И он схватил обломок своей шпаги, повторяя:
— Это уж слишком!
— Мало, видно, — задыхаясь, продолжал маршал. — Так получай, Иуда!
И он плюнул ему в лицо.
— Если ты и теперь не будешь драться, я пришибу тебя стулом, гнусный убийца моих детей!..
Аббат забыл все на свете — и Родена, и свое решение, и страх. Он думал только о мщении и с радостью соображал, насколько он сильнее ослабевшего от горя маршала, так как в этой дикой рукопашной борьбе физическая сила значила очень много. Обернув по примеру маршала клинок платком, он бросился на своего врага, неустрашимо ждавшего нападения.
Как ни коротко было время этого неравного боя, потому что маршал изнемогал от пожиравшей его лихорадки, но при всей своей ярости сражающиеся не издали ни одного крика, не промолвили ни слова. Если бы кто-нибудь присутствовал при этой сцене, он не мог бы сказать, кем и как наносились удары. Он видел бы два страшных, искаженных яростью лица, наклонявшихся, поднимавшихся, откидывавшихся назад, смотря по ходу боя. Он видел бы руки, то напряженные, как полосы железа, то гибкие, как змеи, и время от времени перед ним мелькало бы из-за развевающихся пол голубого мундира и черной рясы сверкающее искрами оружие… Он слышал бы топот ног и шумное дыхание.
Минуты через две противники упали на пол.
Один из них, аббат д'Эгриньи, вырвался из сжимавших его рук и поднялся на колени…
Отяжелевшие руки маршала упали, и послышался его слабеющий голос:
— Дети мои!.. Дагобер!..
— Я убил его, — слабым голосом сказал отец д'Эгриньи, — но чувствую, что и сам… поражен насмерть…
И, опираясь рукой о землю, иезуит поднес другую руку к груди. Его сутана была изорвана ударами, но клинки, так называемые карреле, служившие для боя, были трехгранные и очень острые; поэтому кровь не вытекала наружу.
— О! Я умираю… я задыхаюсь… — говорил аббат, искаженные черты которого указывали на приближение смерти.

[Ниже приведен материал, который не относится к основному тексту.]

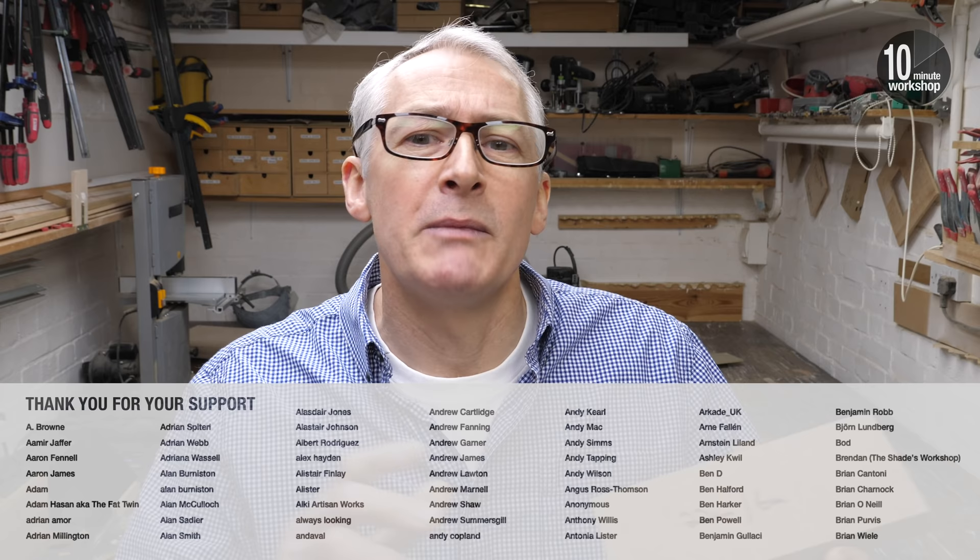That's it for this video though. I hope you've enjoyed it. Thanks for watching. Don't forget to subscribe for more weekly workshop videos, or come and join the Patreon party for additional exclusive content over at patreon.com/10minuteworkshop, and thanks so much to everyone who does just that. That's it for this week — thanks again for watching, I'll see you next time, take care.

В эту минуту дважды щелкнул замок с сухим треском, и в дверях показался Роден; смиренно и скромно вытянув голову, он спросил:
— Можно войти?
При этой ужасной иронии отец д'Эгриньи хотел было броситься на Родена, но снова упал… кровь душила его…
— О исчадие ада! — прошептал он, бросив яростный взгляд на Родена. — Это ты виновник моей смерти…
— Я вам всегда говорил, дорогой отец, что ваша старая солдатская закваска доведет вас до беды… — с ужасной улыбкой отвечал Роден. — Еще недавно я предупреждал вас… советовал спокойно перенести пощечину от этого рубаки… который больше рубиться ни с кем уже не будет… И правильно: ведь и в Писании сказано: «Взявший меч… от меча да погибнет». Кроме того… маршал Симон… наследовал своим дочерям… Ну подумайте сами, мог ли я иначе поступить?.. Надо было пожертвовать вами во имя общих интересов… тем более что я ведь знал… о том, что вы готовите мне завтра… Только… видите ли, меня врасплох не застанешь.
— Прежде чем умереть, — слабым голосом произнес д'Эгриньи, — я сорву с вас маску…
— О нет!.. Нет… единственным духовником вашим буду я…
— О! Как это ужасно! — шептал аббат. — Да смилуется надо мной Бог, если не поздно… Настал мой смертный час… а я великий грешник…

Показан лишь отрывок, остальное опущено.